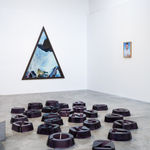 Daniel SCHLIER, Fruchtwasser I, 2014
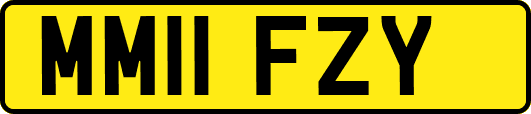 MM11FZY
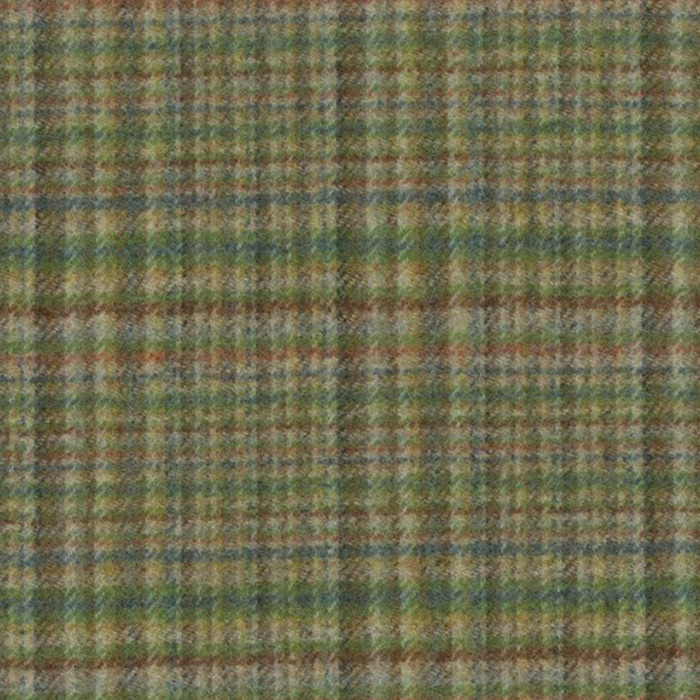 Osborne and little fabric rannoch wools 18 product detail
══════════════════════════════
Extract all the data above exactly, excluding every picture.

Solution to the problem:
 Daniel SCHLIER, Fruchtwasser I, 2014
 MM11FZY
 Osborne and little fabric rannoch wools 18 product detail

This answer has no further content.